I don't see anything too strange there.
Here's what mine shows [nVidia card instead of ATI]:









Not sure any of this is actually what DirecTV2PC is using, though.

Windows can be so strange that I'm not quite sure where/what to do here.

Maybe someone else has an idea. :shrug:

Having HD play well and not SD is "just backwards" to all the troubleshooting that has gone on before.


----------



## snewo (Sep 30, 2006)

I suspect that the Cyberlink is the one used by DirecTV2PC because that company is spelled out if you go to: Menu->System Setup->About in DirecTV2PC. We also both have that one. Maybe my ATI one is getting in the way, you only have 3 under the MPEG heading and I have 4. 

Soooo anyone have any ideas? Right now I'd like to uninstall the ATI codec somehow, but I have no idea the consequences. I would also suspect a reinstall of the Cyberlink one might be in order.


----------



## tbolt (Aug 22, 2009)

snewo said:


> Everything worked perfectly with a new Quadra from nVidia, things are now not working with my XFX Radeon 6850.


So, you installed a new video card and it stopped working.
Can you go back to the nvidia card and get it to work again?

Here is what I would try: 
With the XFX Radeon Card installed in the system and all of the latest drivers installed.
Now --> re-install the Directv2PC application.

Report back on results please.


----------



## snewo (Sep 30, 2006)

Going back isn't an option, that card wasn't mine. Believe me i thought of that too.

As for the reinstall....yeah i did that already....no luck. That was actually the first thing I tried.


----------



## tbolt (Aug 22, 2009)

snewo said:


> That was actually the first thing I tried.


...and that was before you found the updated drivers "AMD Media Codec Package". Right?

I reccommend you try to re-install the DTV2PC app one more time as you have changed
drivers and codecs (after the re-install, ...the first thing you tried).

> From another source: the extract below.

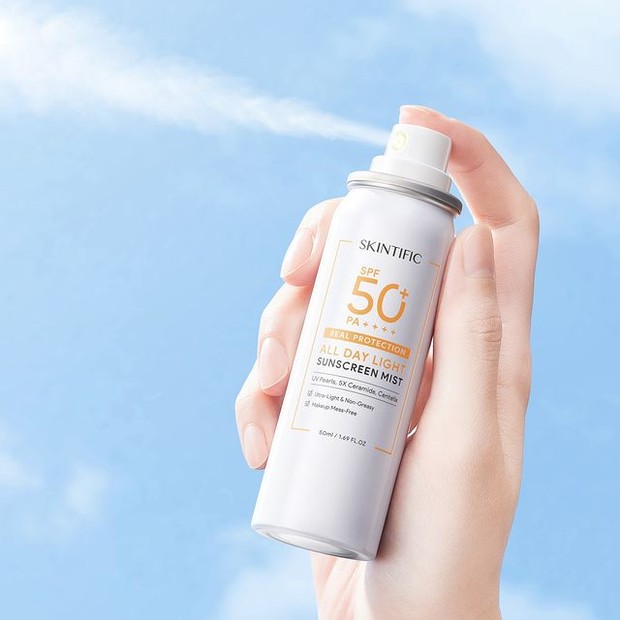 All Day Light Sunscreen Mist / foto: Instagram.com/skintificid All Day Light Sunscreen Mist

*You aren't the first one to change the Graphics Card and break DTV2PC*, I've seen this many times
on this board. It has happened to me as well. Once broken, the results vary. For some it is a total crash 
of the software, for others it has been extreme pixalization rendering the app useless to the user, the 
list goes on.

IMHO
While we don't have the details of how the Install Sheild operates, my speculation is that the Install Sheild
looks at what hardware (and possibly the drivers/codecs) that are currently installed in the system and tailors the
install based upon those findings.

Bottom Line: Try the re-install of the App one more time.


----------